The World’s Fair of 1962 put Seattle on the map—it turns out we just needed to bring our own map. When fair organizer Joseph Gandy started shopping his idea to the Bureau of International Expositions, he had to point out Puget Sound: No, he’d say, not Washington, DC. He produced map cards with a big arrow: “Here is Seattle in the state of Washington, U.S.A.” It worked. Century 21 got official recognition by the BIE, a laurel that New York’s 1964 expo couldn’t claim.

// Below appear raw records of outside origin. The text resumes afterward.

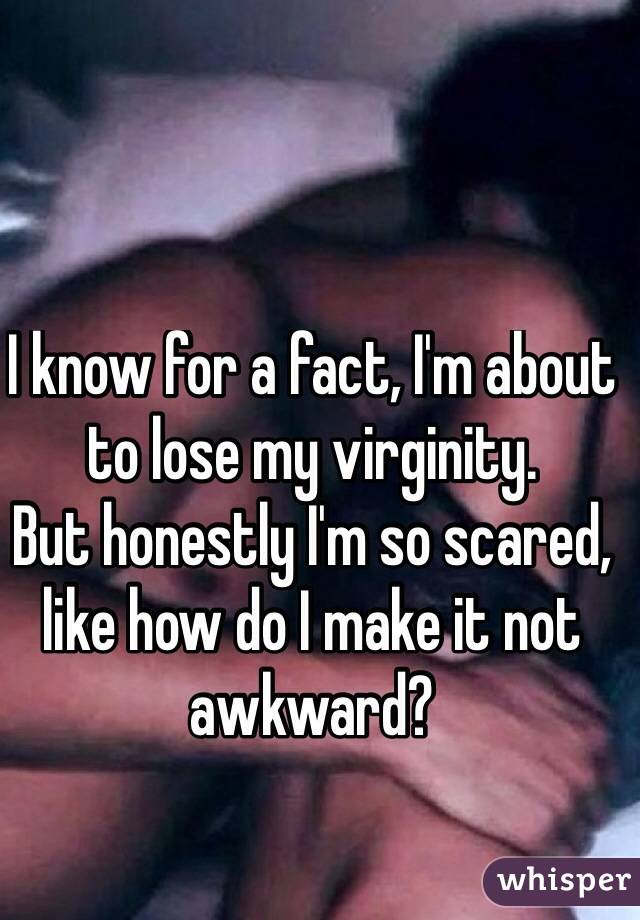 I know for a fact, I'm about to lose my virginity. 
But honestly I'm so scared, like how do I make it not awkward?
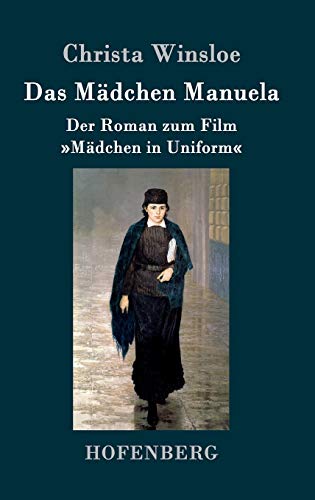 Das Mädchen Manuela: Der Roman zum Film »Mädchen in Uniform«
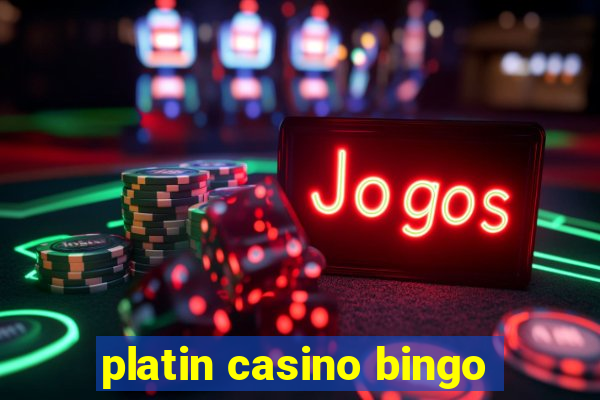 platin casino bingo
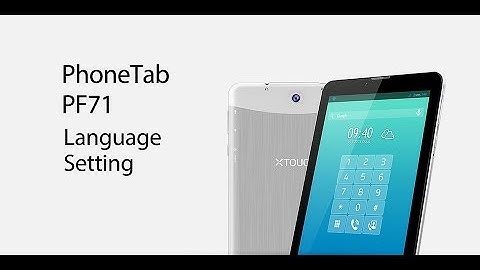 XTOUCH TabPhone PF71 Language Setting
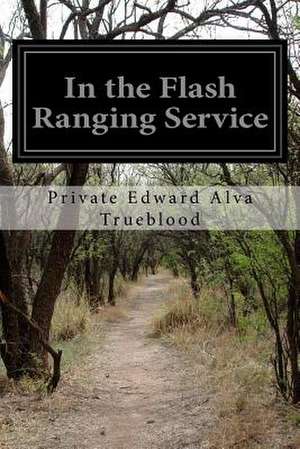 In the Flash Ranging Service de Private Edward Alva Trueblood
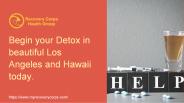 Begin your Detox in pretty Los Angeles today.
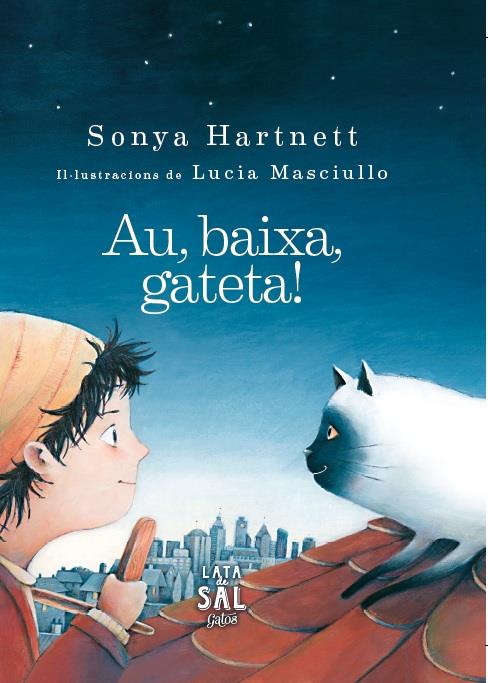 Au, baixa, gateta! | HARTNETT, SONYA | Cooperativa autogestionària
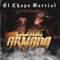 El Chapo Barrial - Clave Armada lyrics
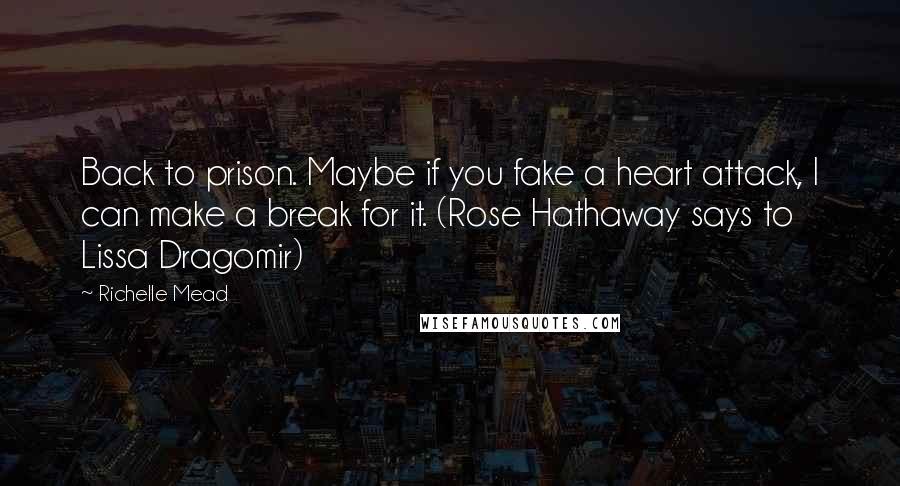 Richelle Mead Quotes: Back to prison. Maybe if you fake a heart attack, I can make a break for it. (Rose Hathaway says to Lissa Dragomir)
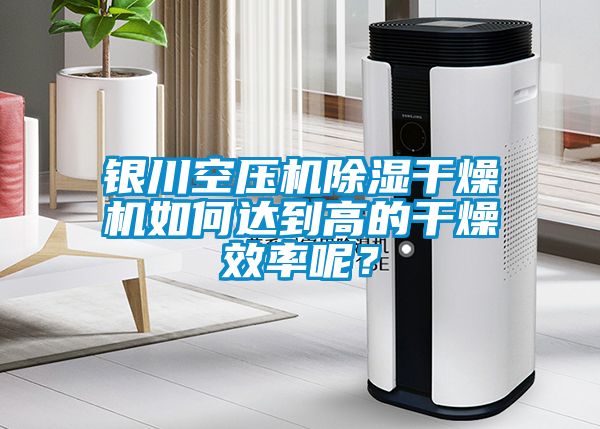 銀川空壓機除濕干燥機如何達到高的干燥效率呢？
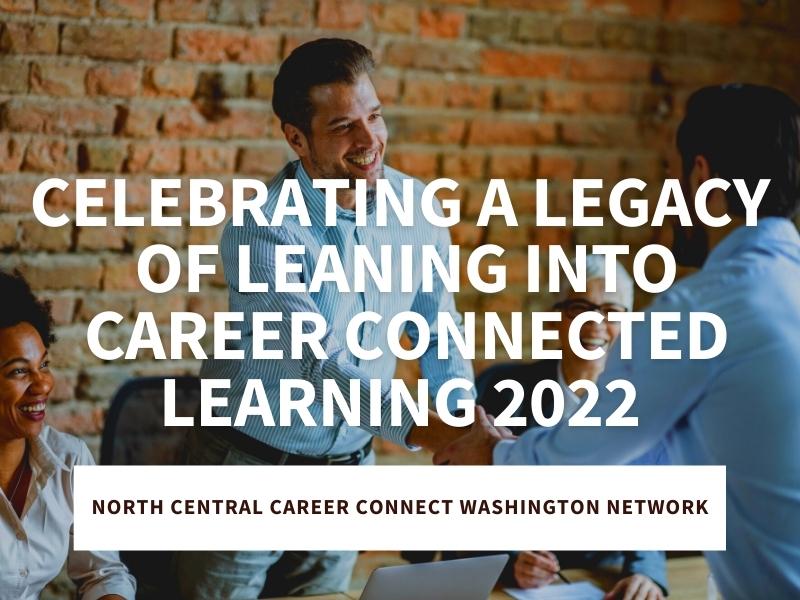 Celebrating A Legacy of Leaning into Career Connected Learning 2022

Century 21 began as a downtown improvement project, a way to bring attention from the growing suburbs (and the just-out-of-town Boeing boom) to the center of the city. It ended up being a six-month spotlight on Seattle, drawing the likes of Elvis and the Shah of Iran to the growing metropolis. With a taste of international culture and the planners’ vision for a permanent legacy, Seattle’s art scene blossomed. And the city got its metal monuments: a sky-high tower and a zippy monorail, two mod totems that look as good in rain as they do in sun.
Dozens of nations sent envoys and exhibits to Seattle in 1962, and almost 10 million people filtered through its giant spectacle. The fair was a semipermanent carnival of cotton candy and peep shows, but the footprint it left came to define the city. Some remember the fair as merely a six-month PR blitz for the region, while others can still taste their first Belgian waffle.
Did the fair change Seattle, or did it reflect the space-crazy tech attitude that already pervaded the Northwest? It’s probably a little of both. A full 50 years later, we’ve still got the Space Needle, we’ve still got Seattle Center, and, for the most part, Seattle is still in charge of the future.